Task prompt:
Copy all the entries word for word, but omit the pictures.
^^^^
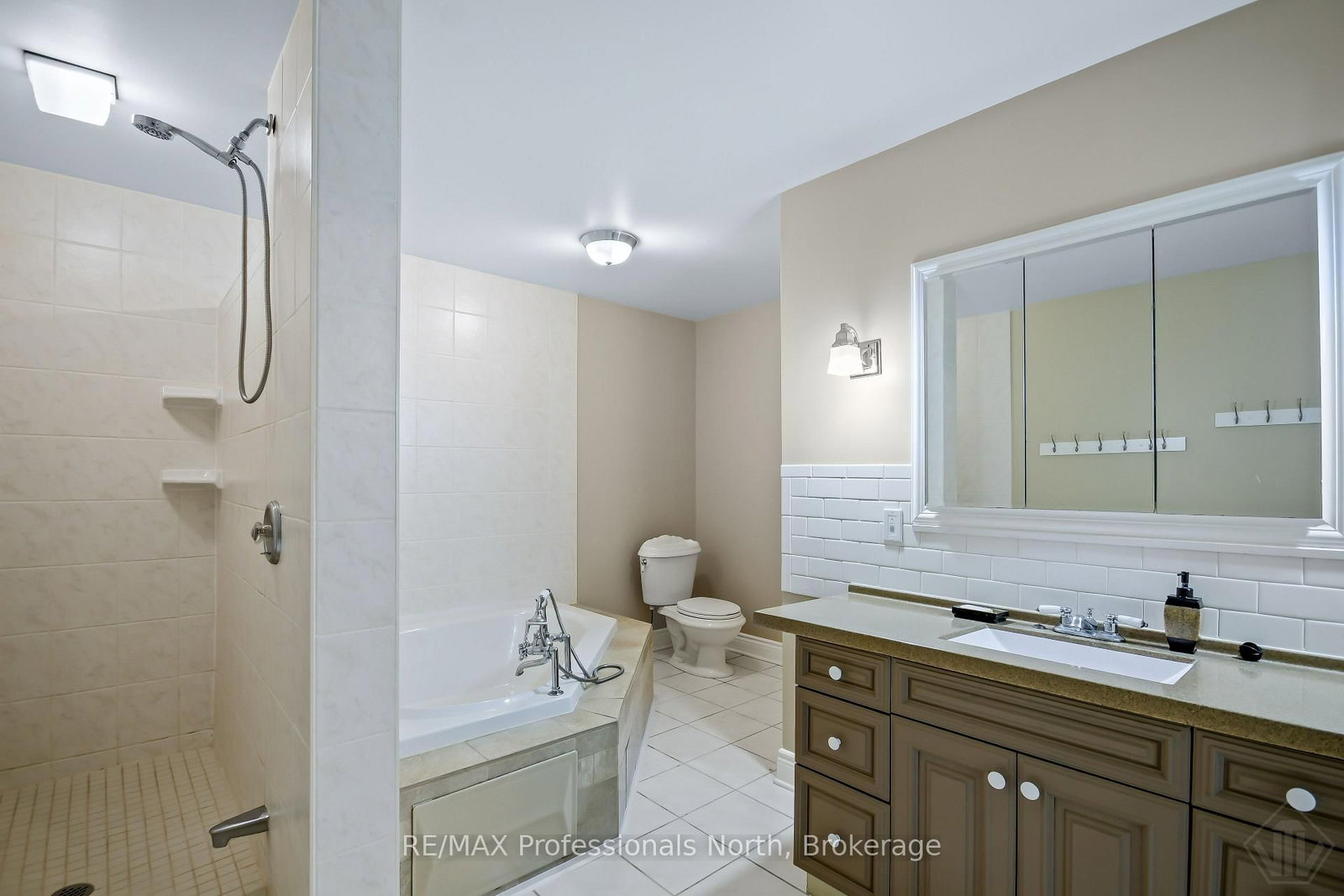 9 Melane Court • Bracebridge, ON photo 24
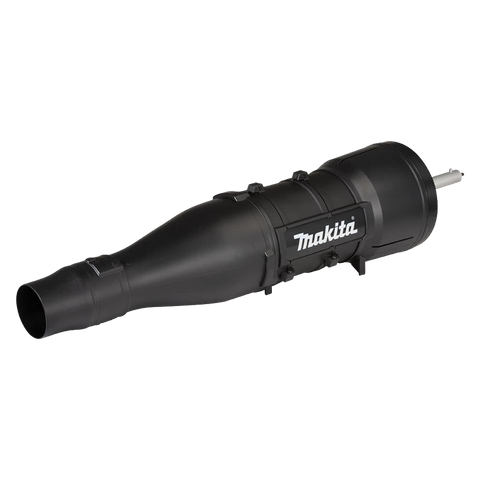 Makita Multi-Function Power Head Blower Attachment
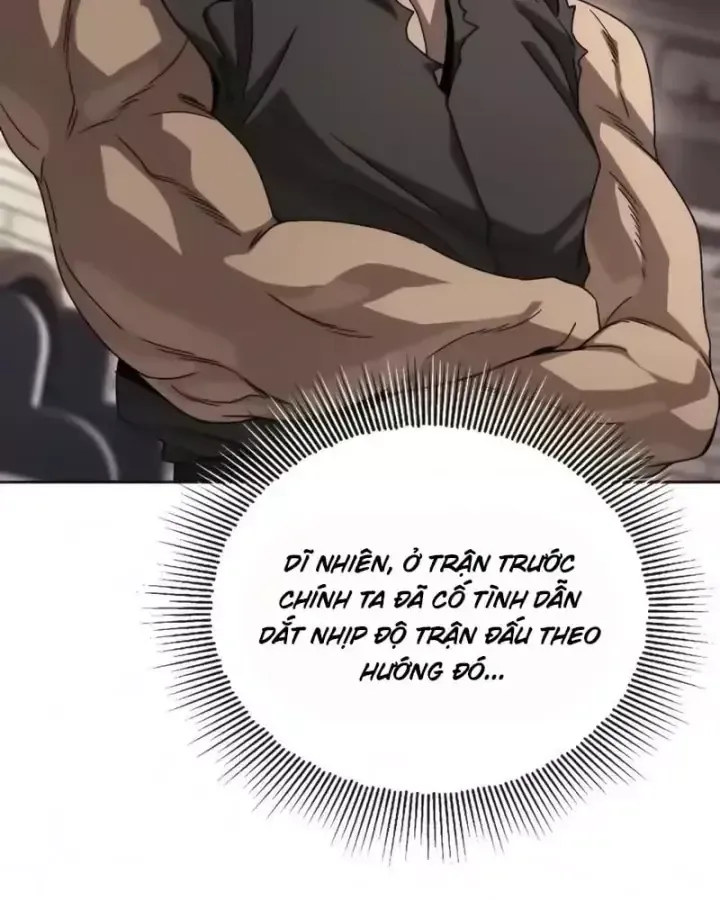 Trang 99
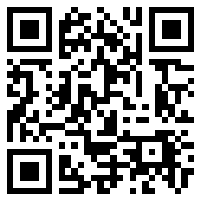 QR Code for dash:Xguj65pUTE2GhBU7GAf2XD17GvMZECN1Yh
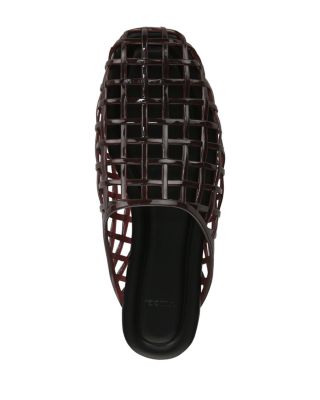 Women's Barcelona Jelly Sandals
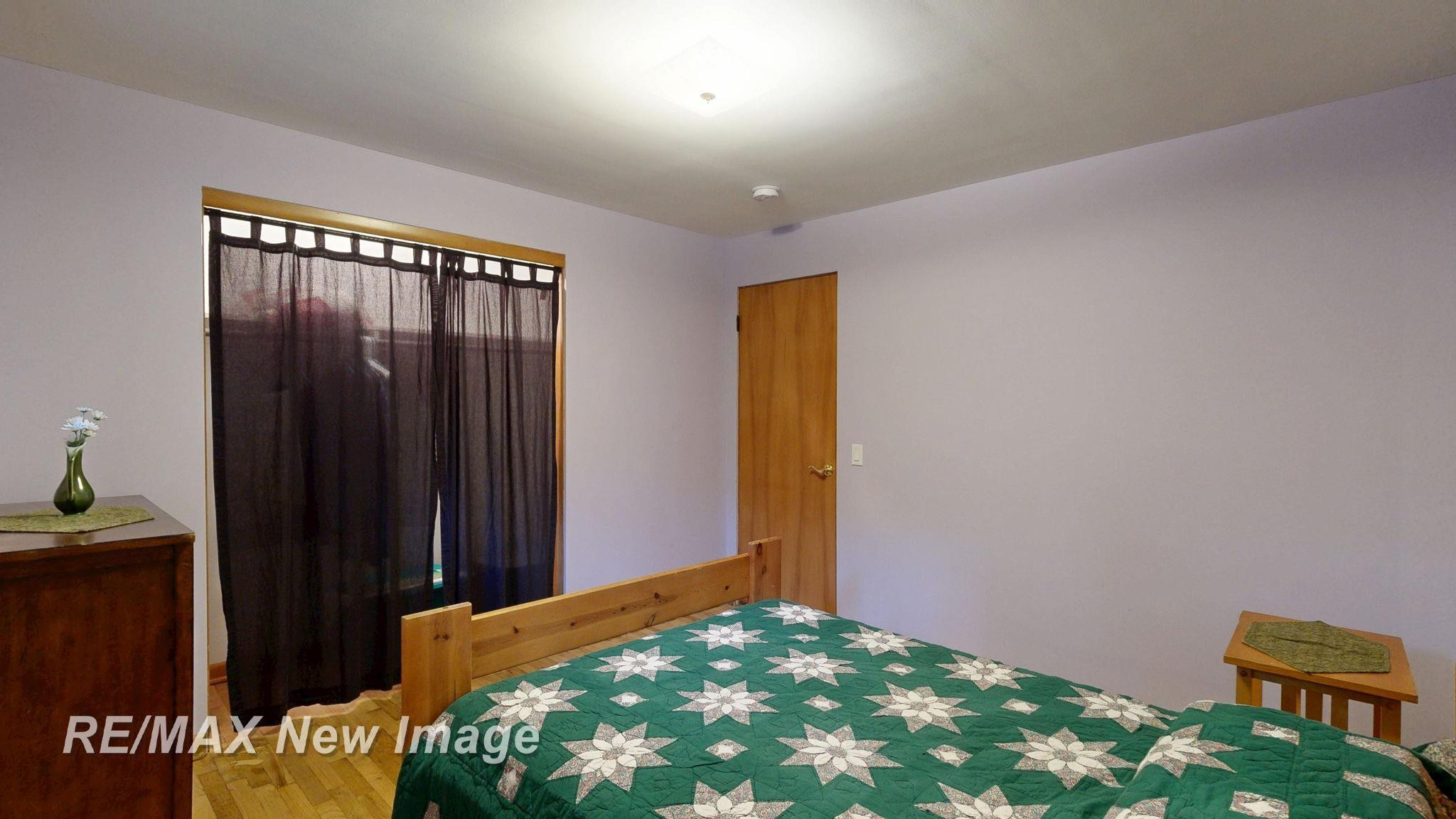 1534 E Gay Lane, Midland, MI 48640 — Photo 17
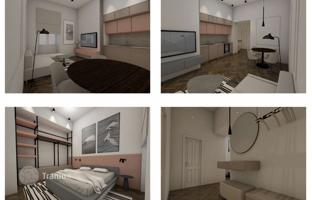 5-комнатная квартира 98 м² в Риеке за 210 000 €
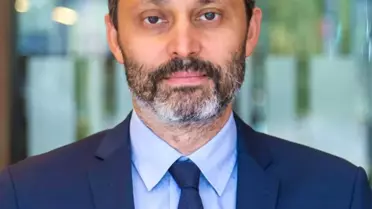 Son dakika haberi! Re-Pie Portföy'den Simit Sarayı'nın iştirakine yatırım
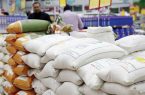 دولت حمایت خود را برداشت: لغو ممنوعیت واردات برنج در فصل برداشت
^^^^
The completed task:
 9 Melane Court • Bracebridge, ON photo 24
 Makita Multi-Function Power Head Blower Attachment
 Trang 99
 QR Code for dash:Xguj65pUTE2GhBU7GAf2XD17GvMZECN1Yh
 Women's Barcelona Jelly Sandals
 1534 E Gay Lane, Midland, MI 48640 — Photo 17
 5-комнатная квартира 98 м² в Риеке за 210 000 €
 Son dakika haberi! Re-Pie Portföy'den Simit Sarayı'nın iştirakine yatırım
 دولت حمایت خود را برداشت: لغو ممنوعیت واردات برنج در فصل برداشت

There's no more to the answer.